Wednesday, January 26, 2011

The Chicago Mayor's race: Chico & residency; Emanuel & ballot access

In my fertile imagination, I write this blog for a national and international audience -- and six or seven regular readers in the States and two or three regular readers overseas does constitute a certain amount of success in this ambition. A very small amount.

But, today, I depart from my usual practice and write about stuff that's strictly local. Although some of this stuff may be in the news where you live, too.

It all started when Mayor-for-Life Richard II fooled everyone by saying he would lay down his office this year....


You're looking at a picture of mayoral candidate Gery Chico. Chico was a one-time Chief of Staff for Richard M. Daley and later was president of the Chicago Board of Education. He was a partner at the venerable Chicago firm of Altheimer & Gray... which spiraled into the ground a few years back... and now has his own firm, Chico & Nunes, P.C.

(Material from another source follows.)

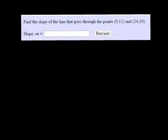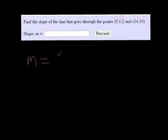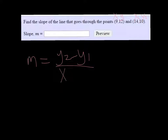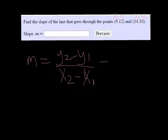So if you label the points and keep track of things — if I call this x1 and y1, and x2, y2 — then my formula is y2 minus y1 over x2 minus x1. And then just put those in.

He's been endorsed by the local police and fire unions -- and now he expresses a willingness to end Chicago's residency rule.

Chicago cops and firemen (and all other City employees) are required to live in the City of Chicago as a condition of continued employment. I am not a City employee. Many of my neighbors are. Some -- especially the cops, I've noticed -- express feelings of being 'trapped' in the City and look anxiously toward retirement when they can move away.

But I love the residency rule. I believe it helps support the price of housing in the middle class enclave where I live. Take that rule away... and the only real investment I have left may really tumble in value. You think housing prices have gone down because of the Great Recession? I'm afraid that will be a mere course correction compared to the free fall that may follow if the residency rule is eliminated in Chicago.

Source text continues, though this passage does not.